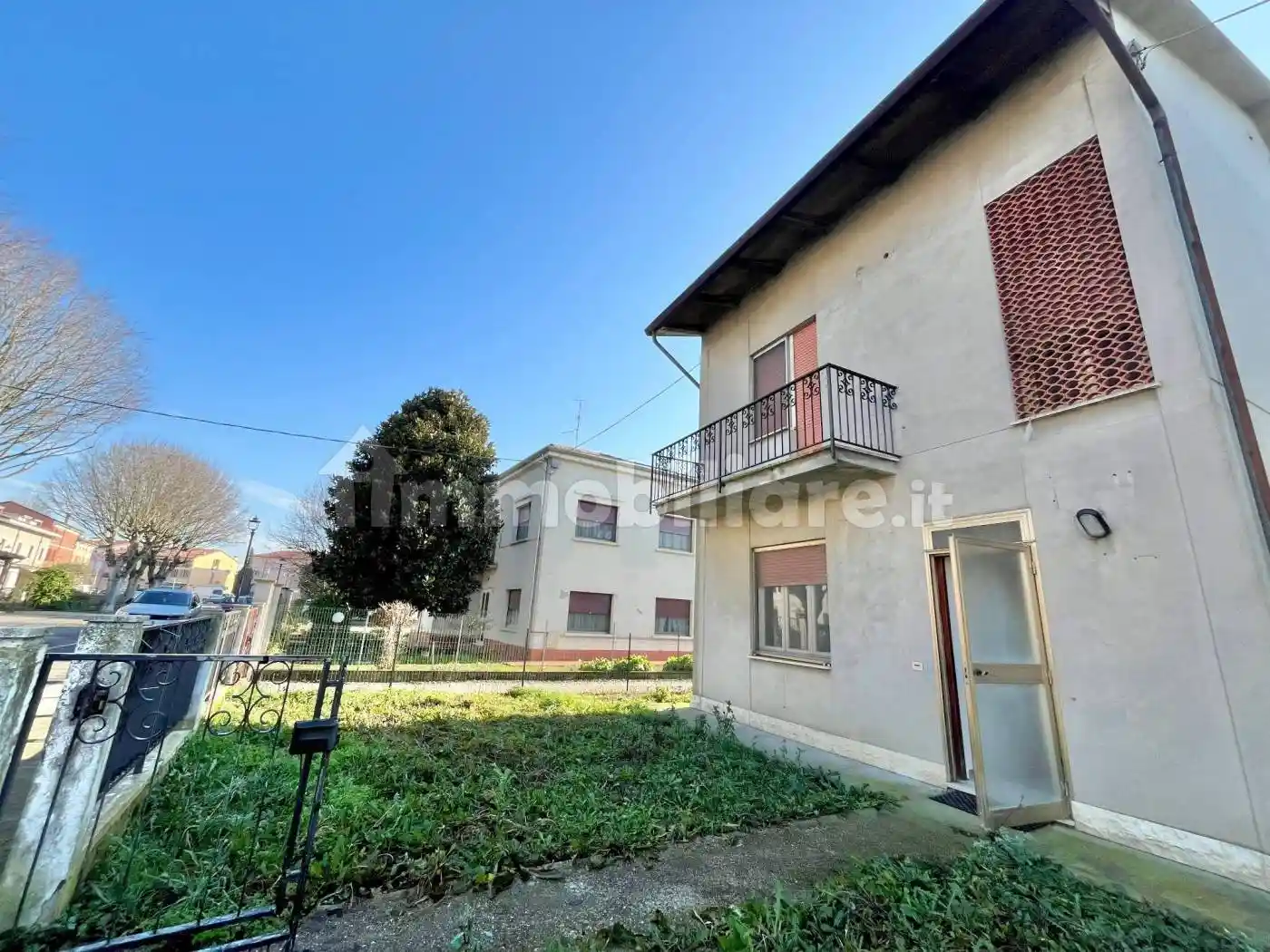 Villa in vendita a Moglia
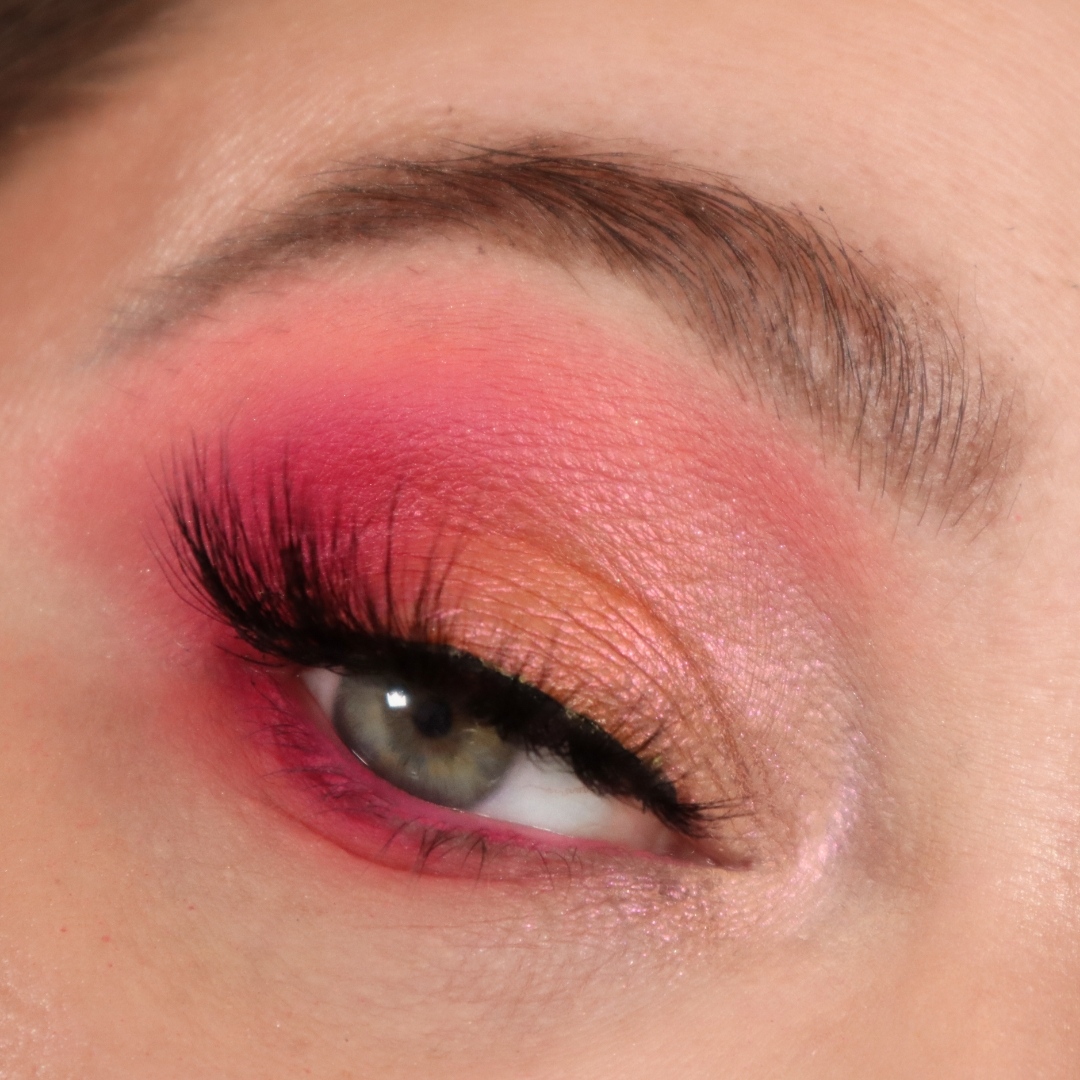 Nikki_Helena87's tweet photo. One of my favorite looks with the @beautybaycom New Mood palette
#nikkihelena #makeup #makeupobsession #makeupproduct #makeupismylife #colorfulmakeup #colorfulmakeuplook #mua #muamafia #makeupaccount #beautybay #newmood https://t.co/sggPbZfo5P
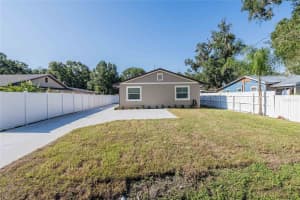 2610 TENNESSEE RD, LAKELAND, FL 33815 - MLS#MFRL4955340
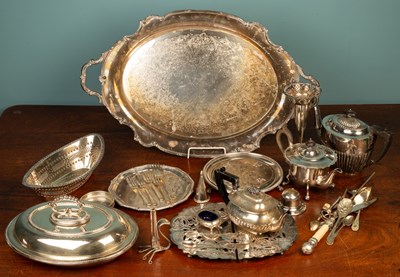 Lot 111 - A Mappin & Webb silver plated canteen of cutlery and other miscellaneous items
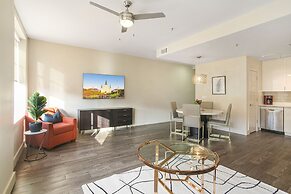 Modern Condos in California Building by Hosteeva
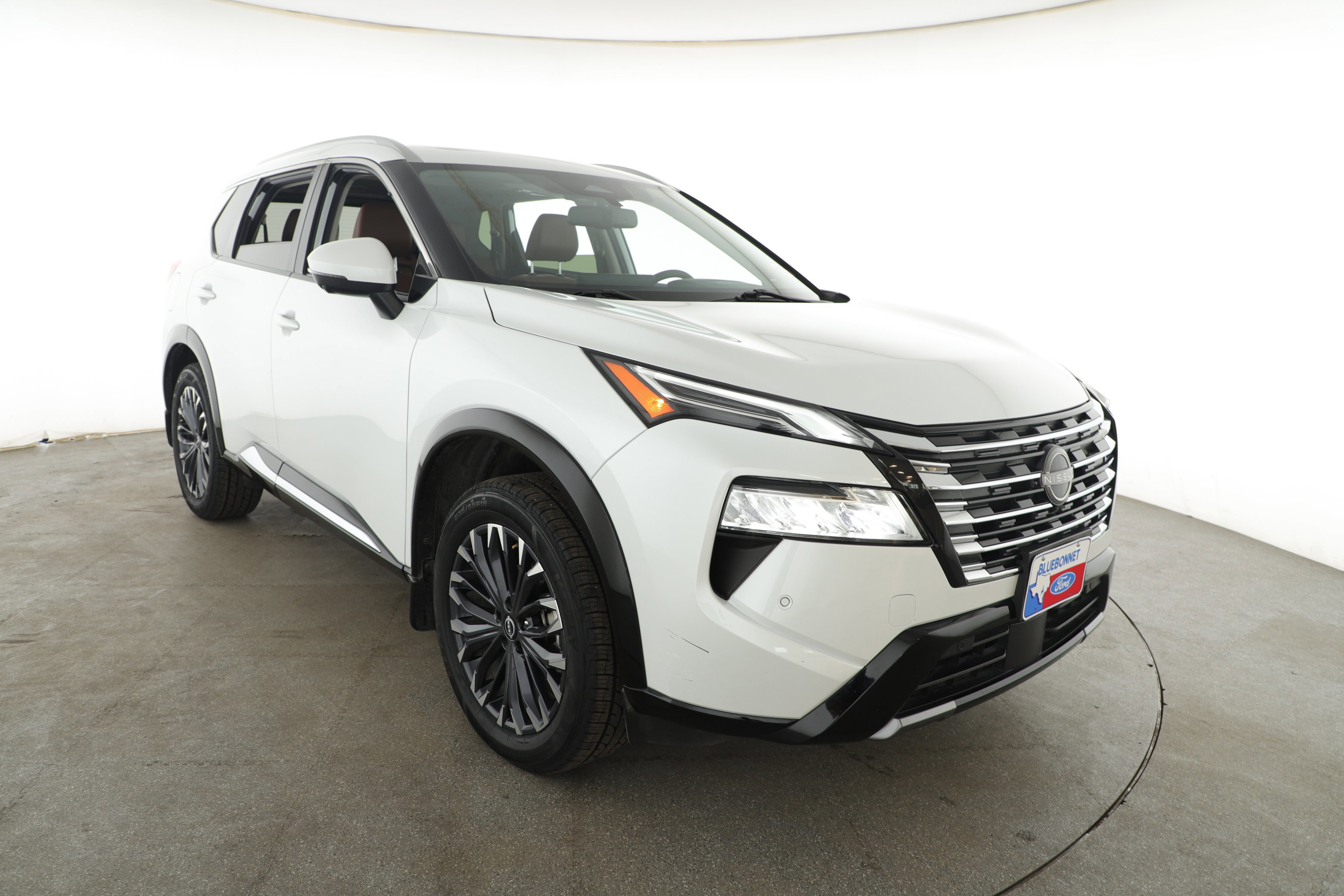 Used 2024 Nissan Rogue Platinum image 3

--

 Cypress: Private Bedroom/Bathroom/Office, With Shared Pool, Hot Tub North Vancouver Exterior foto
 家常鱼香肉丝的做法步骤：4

--

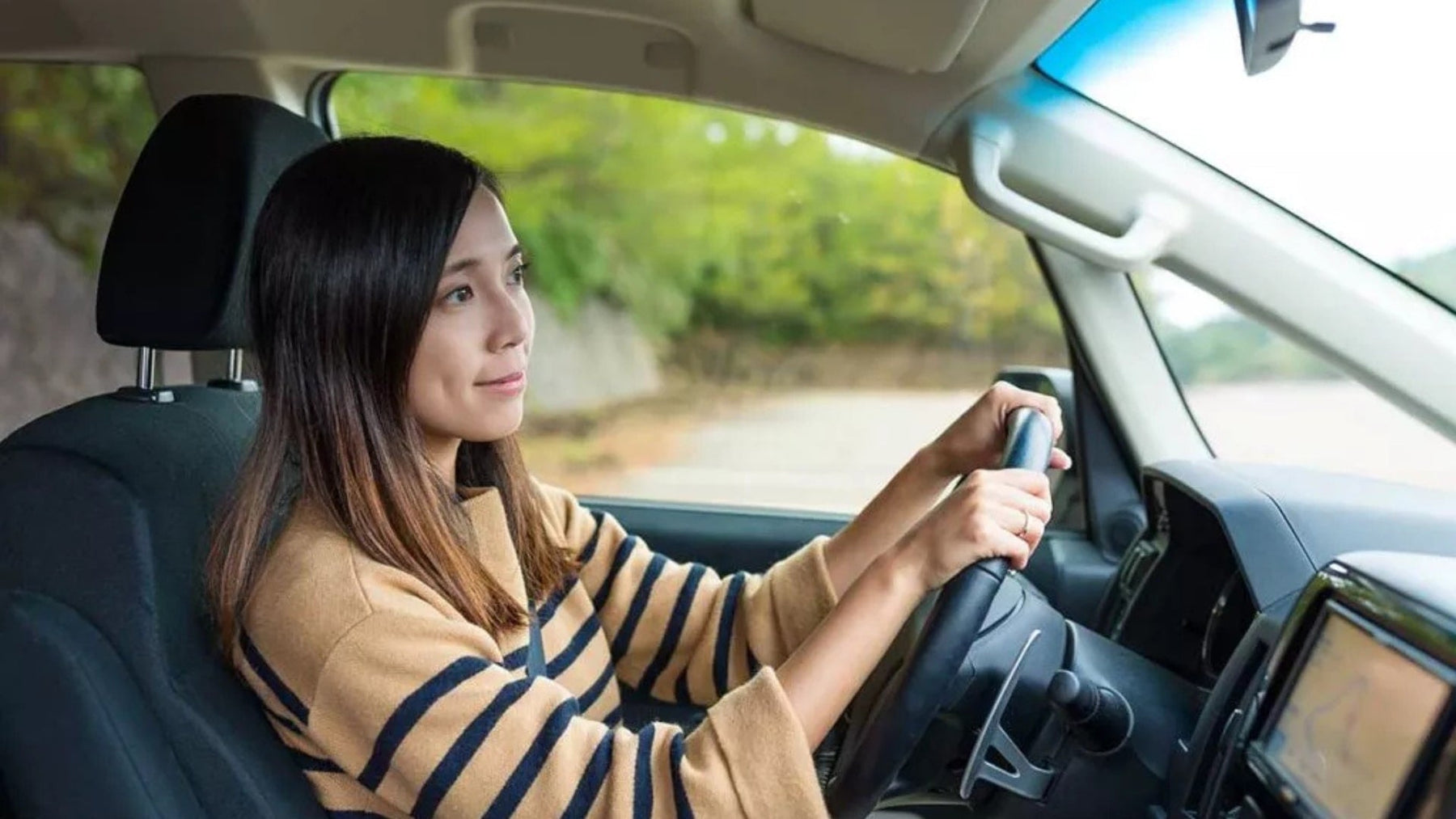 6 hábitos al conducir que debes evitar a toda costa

> **What you have to do**: What lines above run from the one with "#nikkihelena #makeup #makeupobsession" to the one with "Used 2024 Nissan Rogue Platinum image 3"? Give them again exactly, ends included, and leave the pictures out.

> **Result for this task**:
#nikkihelena #makeup #makeupobsession #makeupproduct #makeupismylife #colorfulmakeup #colorfulmakeuplook #mua #muamafia #makeupaccount #beautybay #newmood https://t.co/sggPbZfo5P
 2610 TENNESSEE RD, LAKELAND, FL 33815 - MLS#MFRL4955340
 Lot 111 - A Mappin & Webb silver plated canteen of cutlery and other miscellaneous items
 Modern Condos in California Building by Hosteeva
 Used 2024 Nissan Rogue Platinum image 3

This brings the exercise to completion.